Zoran Matić OAM

Personal information
- Full name: Zoran Matić
- Date of birth: 25 December 1944 (age 80)
- Place of birth: Yugoslavia
- Position: Defender

Senior career*
- Years: Team / Apps / (Gls)
- 1973–????: Beograd Woodville
- 1977–1978: Adelaide City / 38 / (1)

Managerial career
- 1986–1995: Adelaide City
- 1996–1997: Collingwood Warriors
- 1997–1998: Marconi FC
- 1998–2002: Adelaide City
- 2002–2003: Adelaide City

= Zoran Matić =

Serbian former football coach (born 1944)

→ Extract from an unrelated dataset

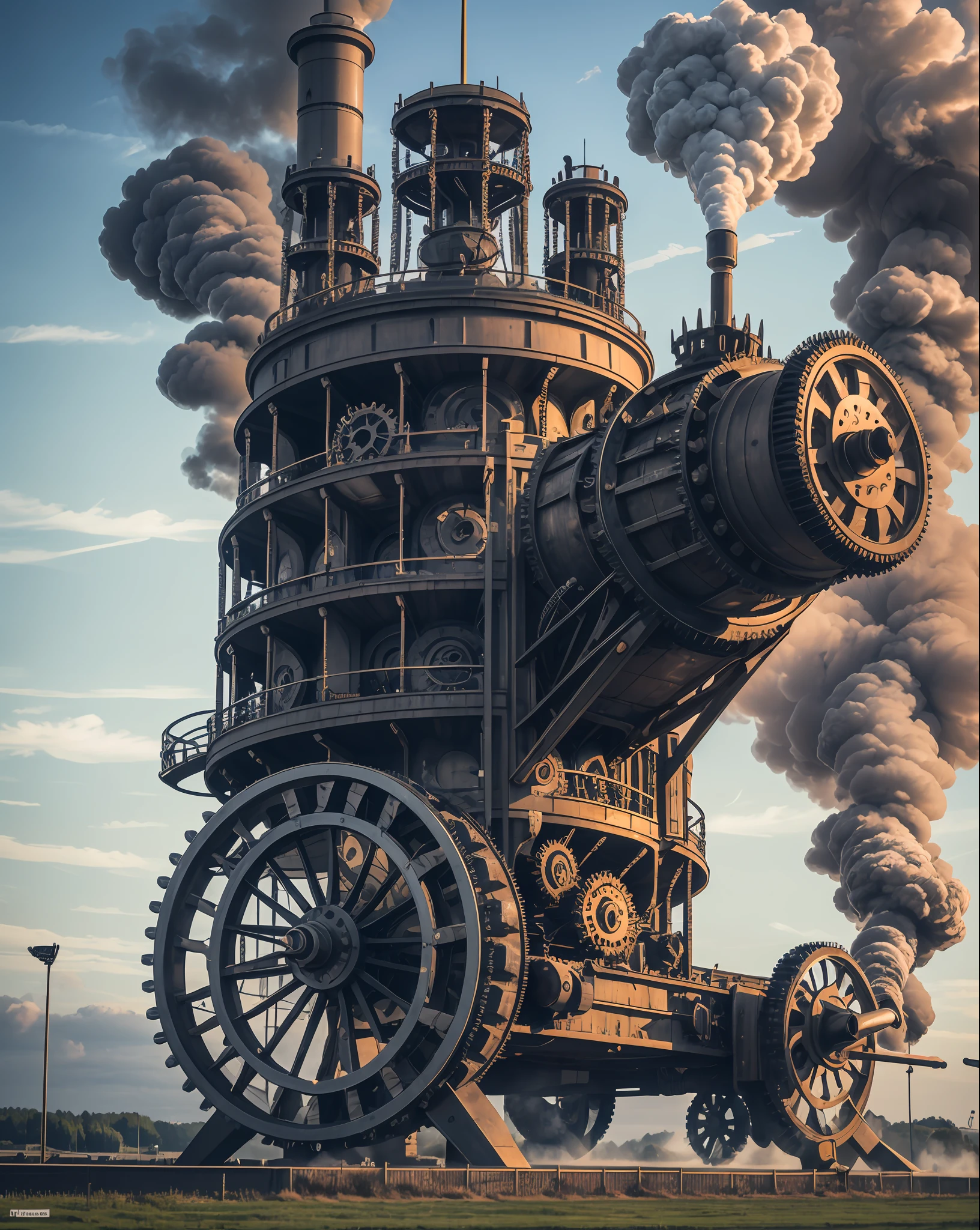 (Germany)1.4, a towering mechanical monstrosity adorned with gears and cannons, emitting billows of steam from its joints.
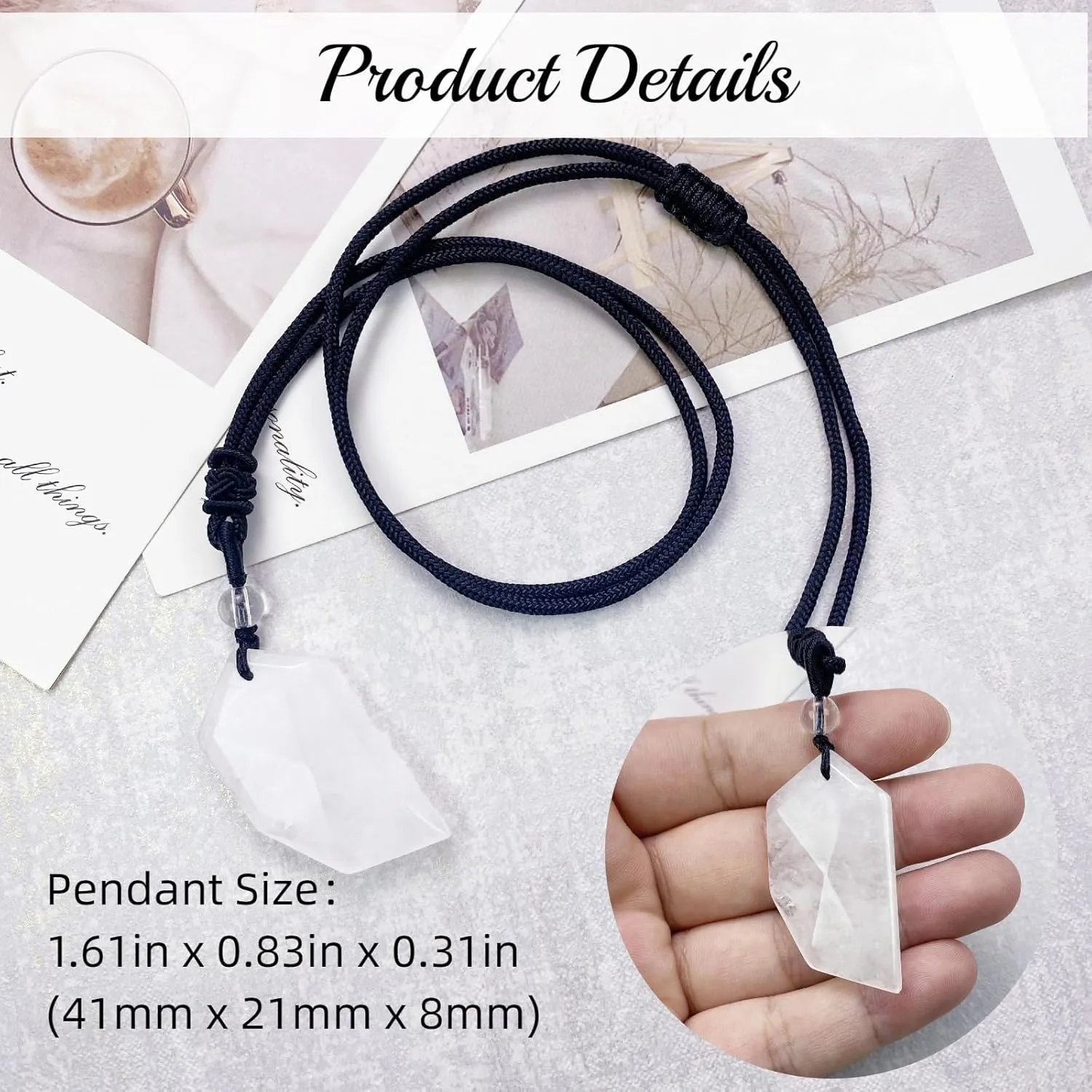 EDEN'S CALL Natural Crystal Stone Wolf Tooth Necklace for Women and Men Adjustable Faceted Quartz Stone Pendant Necklace for Reiki Balancing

Zoran Matić OAM (/sr/; born 25 December 1944) is a Serbian former footballer and coach.

==Biography==

===Playing career===
After arriving in Adelaide 1973 from Yugoslavia Matić played for Beograd Woodville (White City) before moving to Adelaide City. While playing for Adelaide City he represented the State of South Australia four times.

===Coaching career===
Matić is best known for coaching Adelaide City in the Australian National Soccer League. He coached Adelaide City to three championships (1986, 1991/1992 and 1993/1994) and was the first NSL coach to have won 200 matches. Matić was NSL coach of the year for the 1990/1991 and 1994/1995 seasons. Matić is a member of the Football Federation Australia Football Hall of Fame and the Football Federation of South Australia Hall of Fame.

===Retirement===
After retiring from coaching, Matić began working in the construction industry. In 2006, as a result of an industrial accident, involving a six-metre fall from a roof, Matić was hospitalised with multiple injuries including a broken neck, broken arm, shattered knee cap and facial injuries.